▶ [Exercise aim] Only the lines from the one holding "Reasoning out the" through the end of the records below are to be reproduced exactly, and pictures are to be omitted.

-- Opening Marker --

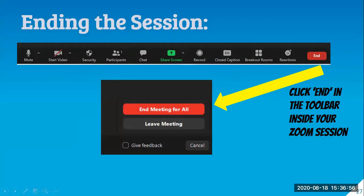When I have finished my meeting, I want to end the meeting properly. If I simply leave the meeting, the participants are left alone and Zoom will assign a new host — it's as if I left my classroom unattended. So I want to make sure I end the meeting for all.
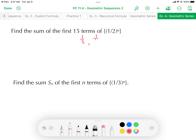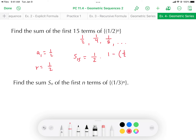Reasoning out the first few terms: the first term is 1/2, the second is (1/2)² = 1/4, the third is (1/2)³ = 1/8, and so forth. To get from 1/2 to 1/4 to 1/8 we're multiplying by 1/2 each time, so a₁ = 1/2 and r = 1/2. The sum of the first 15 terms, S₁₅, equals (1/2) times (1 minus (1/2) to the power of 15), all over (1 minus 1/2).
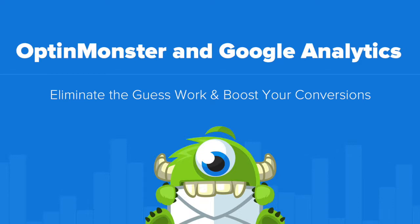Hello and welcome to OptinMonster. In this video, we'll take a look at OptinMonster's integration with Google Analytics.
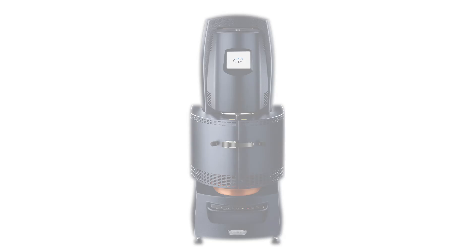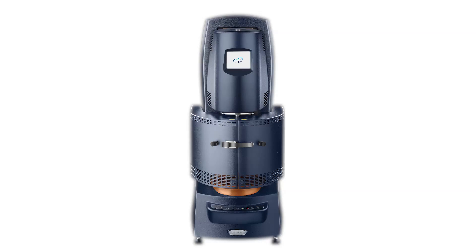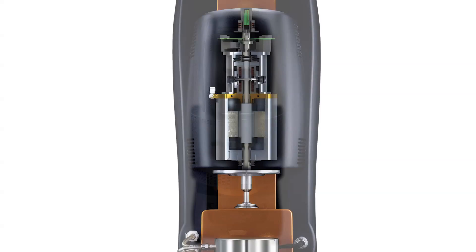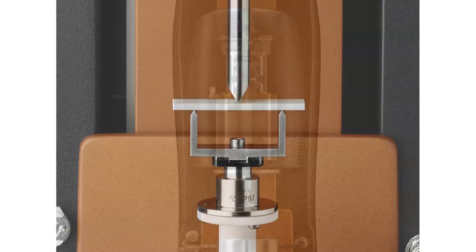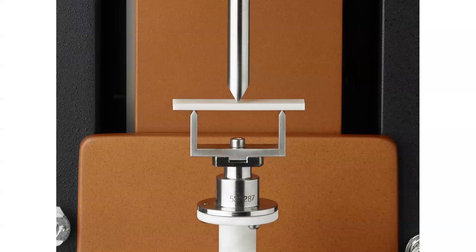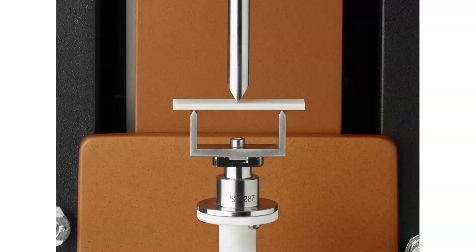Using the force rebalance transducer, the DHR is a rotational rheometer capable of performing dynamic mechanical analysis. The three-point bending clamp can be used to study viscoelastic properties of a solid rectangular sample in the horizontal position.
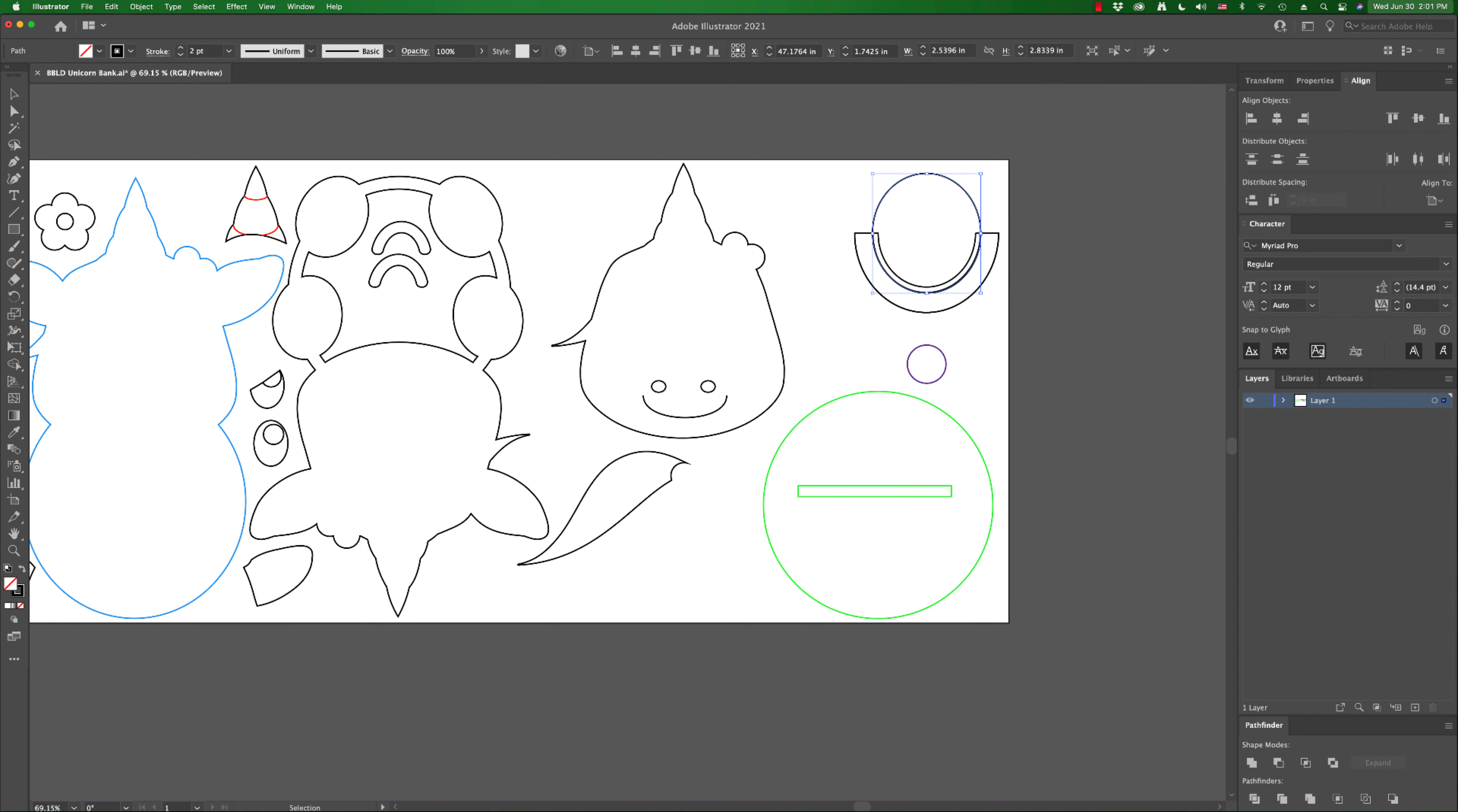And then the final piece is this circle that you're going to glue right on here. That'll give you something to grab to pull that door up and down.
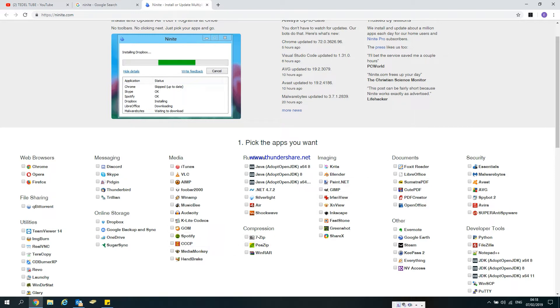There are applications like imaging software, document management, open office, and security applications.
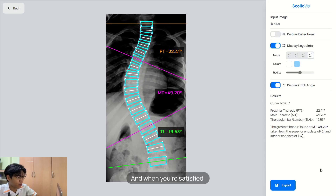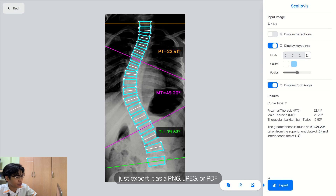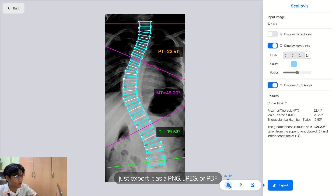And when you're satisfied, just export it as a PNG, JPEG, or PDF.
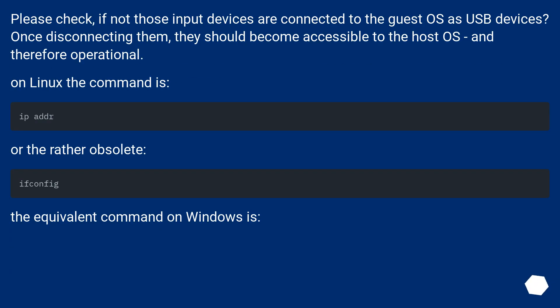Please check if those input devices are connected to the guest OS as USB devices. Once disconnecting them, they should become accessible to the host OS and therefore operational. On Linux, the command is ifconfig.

-- Closing Marker --

▶ [Response to the exercise]
Reasoning out the first few terms: the first term is 1/2, the second is (1/2)² = 1/4, the third is (1/2)³ = 1/8, and so forth. To get from 1/2 to 1/4 to 1/8 we're multiplying by 1/2 each time, so a₁ = 1/2 and r = 1/2. The sum of the first 15 terms, S₁₅, equals (1/2) times (1 minus (1/2) to the power of 15), all over (1 minus 1/2).
Hello and welcome to OptinMonster. In this video, we'll take a look at OptinMonster's integration with Google Analytics.
Using the force rebalance transducer, the DHR is a rotational rheometer capable of performing dynamic mechanical analysis. The three-point bending clamp can be used to study viscoelastic properties of a solid rectangular sample in the horizontal position.
And then the final piece is this circle that you're going to glue right on here. That'll give you something to grab to pull that door up and down.
There are applications like imaging software, document management, open office, and security applications.
And when you're satisfied, just export it as a PNG, JPEG, or PDF.
Please check if those input devices are connected to the guest OS as USB devices. Once disconnecting them, they should become accessible to the host OS and therefore operational. On Linux, the command is ifconfig.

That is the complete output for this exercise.